Что делал Гильом Тулузский в течение следующих десяти лет – мы не знаем. Хроники и иные источники молчат. Не сообщает каких-либо подробностей и более позднее (и во многом основывающееся на легендах) латинское житие. Видимо, Гильом занимался какой-то административной деятельностью в Аквитанском королевстве, усмирял бунтующих гасконцев, собирал силы для новой военной конфронтации с сарацинами. В 803 г. граф Гильом принял участие в походе на Барселону. Город был взят после довольно долгой осады, и была основана «Испанская марка» – пограничный укрепленный административный округ (соответствовавший современной Каталонии). Если хронисты сообщают об этом событии не очень многословно (особенно об участии в нем Гильома), то иначе поступили поэты. Придворный поэт Людовика Эрмольд Нигелл воспел эту осаду в первой книге своей латинской поэмы «Прославление Людовика», написанной в 826 г. Гильому Тулузскому здесь отведено одно из первых мест и как инициатору похода, и как его участнику. Это свидетельство Эрмольда чрезвычайно важно, пожалуй, важнее, чем упоминания хронистов и агиографов. В поэме Эрмольда Нигелла Гильом уже наделен целым рядом черт, которые затем войдут в легенды о нем: он мудрый советчик короля, отважный и опытный воитель, надежная опора королевского дома, гроза мавров.

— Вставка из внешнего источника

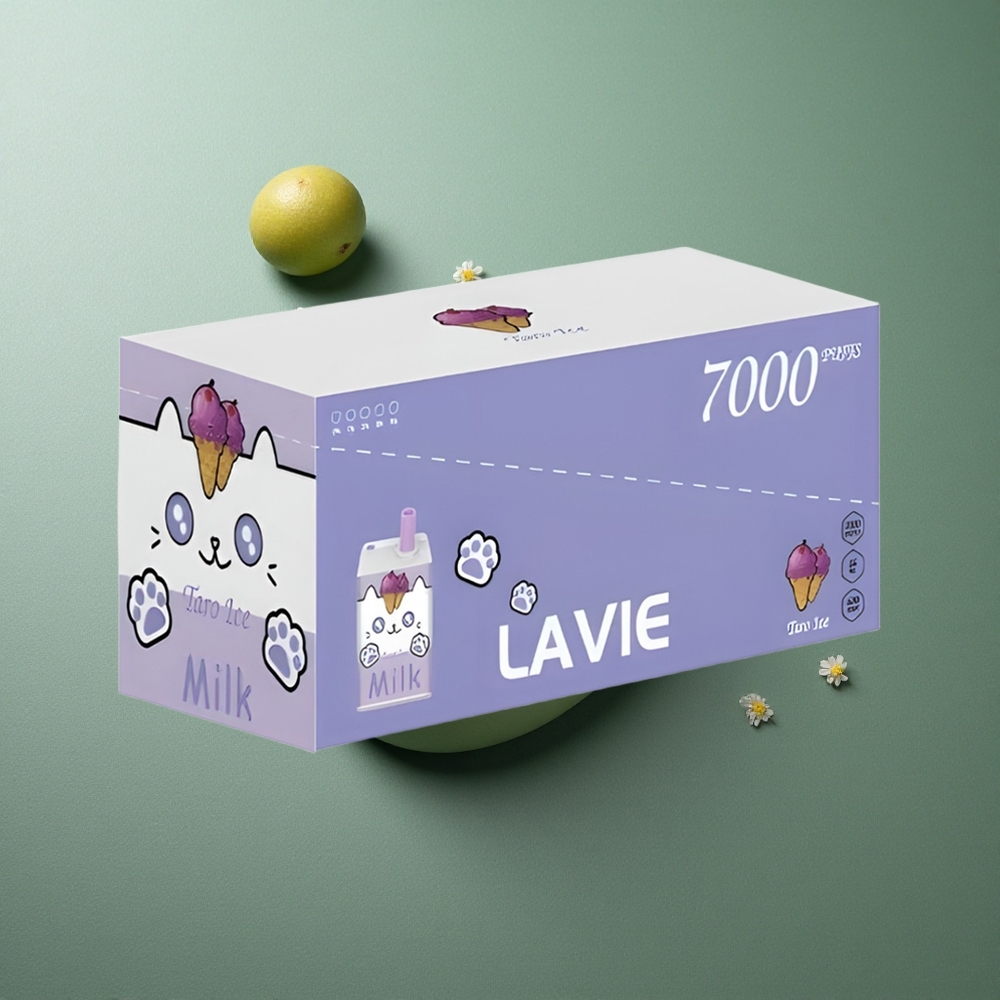 Taro Ice LAVIE Milk 7000 Puffs Disposable Vape UK Vape Wholesale Type C Rechargeable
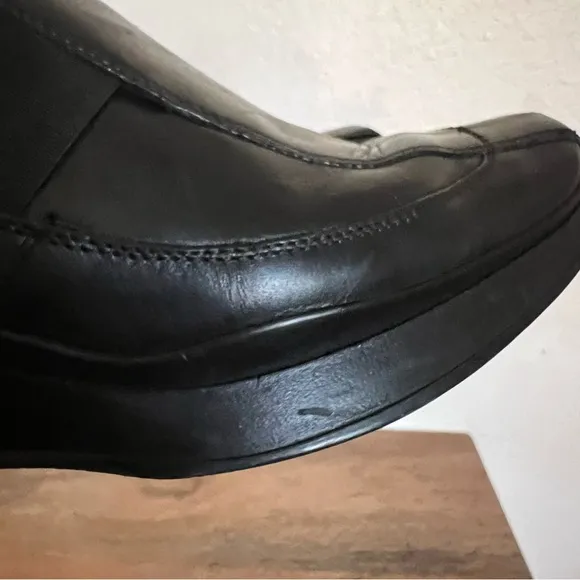Prada Vintage 90’s Black leather boots Avantgarde Style Affliction Size 6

В это время (т. е. вскоре после взятия Барселоны) Гильом сблизился с видным церковным деятелем своего времени – Витицей (750–821), сыном графа Магелонского. При пострижении в монахи (782) Витица принял имя Бенедикта и вошел в историю католической церкви под именем св. Бенедикта Анианского, реформатора бенедиктинского ордена и основателя ряда монастырей. В один из них – Анианский (недалеко от Монпелье) – Гильом сделал в 804 г. богатое пожертвование. В дарственном акте, датированном 15 декабря этого года, Гильом упоминает своих родителей Теодорика и Альду, братьев Теодорика и Теодуна, сестер Аббу и Берту, сыновей Виткара и Хидехельма, дочь Хеминбургу, жен Витбургу и Кунегунду: «Ego enim in Dei nomen Vuilhelmus… idcirco facinora mea minuanda vel de parentes meos qui defuncti sunt, id est genitore meo Teuderico et genetrice mea Aldane, et fratres meos Teodoino, et Teoderico et sorores meas Abbane et Bertane, et filios meos et filias meas Vuitcario et Hidehelmo et Helinbruch, uxores meas Vuitburgh et Cunegunde, pro nos omnibus superius nominatos dono…»[262].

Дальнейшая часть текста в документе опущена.